記事:イシカワヤスコ(ライティング・ゼミ平日コース)

 
 
「そんなこと他のひとは気づかないし、気にしてないよ! だから大丈夫。気にしすぎだよ」
 
そう言われるたびに、何度落ち込んできただろう。
他のひとが気づかなくたって、わたしは気づいているし、気になっている。
「他のひとは気づかないから大丈夫」って、その理屈は何なの?
自分の中にあるものが、他のひとが気づくかどうかで左右されるって、どういうこと?
相談なんてしなければよかったーー。
 
わたしはずっとだらしなくて雑な性格だと思っていた。
小学生の頃から、何だってギリギリまでやらない。
部屋も机の引き出しも、汚くはないけれどどこかスッキリとしない。
二言目には「面倒くさい」。
神経質なんて、自分には縁のないものだと思っていた。
でも大人になって、周りからの評価に「几帳面」が加わり、時に「細かすぎる」「もっとおおらかに」などと言われる。

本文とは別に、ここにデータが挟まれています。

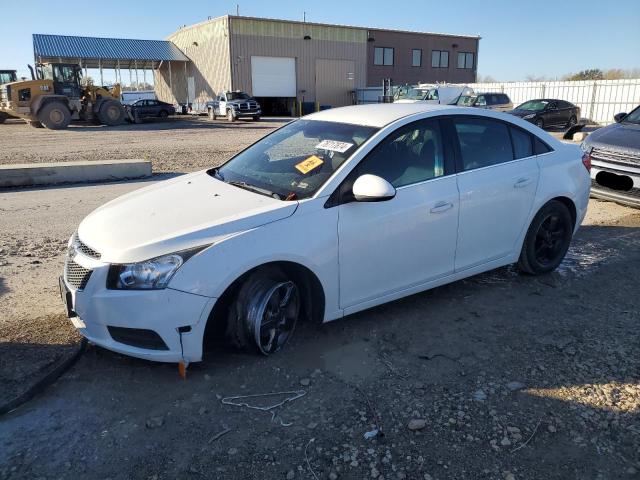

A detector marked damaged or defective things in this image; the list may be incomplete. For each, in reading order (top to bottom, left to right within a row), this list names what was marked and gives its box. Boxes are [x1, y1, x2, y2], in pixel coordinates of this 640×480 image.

damaged rim [251, 280, 298, 354]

やるかやらないかは別として、「意識だけムダに高い系」みたいだ。
 
「HSP」という言葉に出会ったのは、30代も半ばを過ぎてからだった。
Highly Sensitive Person、ざっくり言うと「過度に敏感なひと」。
どうやらわたしはHSPのようだ、と理解した時に初めて、周りの人々はもっと目の粗い、ゆるい感覚で生きているらしいと知って、本当にびっくりした。
 
しかし、知ったからといって、どうこうできるわけでもない。
感覚という無意識でコントロールのできない部分に対してなす術はない。
この感覚しかわからないのだもの。
敏感で、気にしすぎなままで生きていくしかないのだと、あきらめるしかなかった。
 
転機が訪れたのは、2年ほど前。
なんとなく、ものの見え方が悪くなって、時々、ふっ、と視界が暗くなる感じがした。
どうも変だ。
いろいろ試してみて、右目がどこにもピントが合わないこと、視界が暗くなるのは時々右目が真っ暗で何も見えていないからとわかった。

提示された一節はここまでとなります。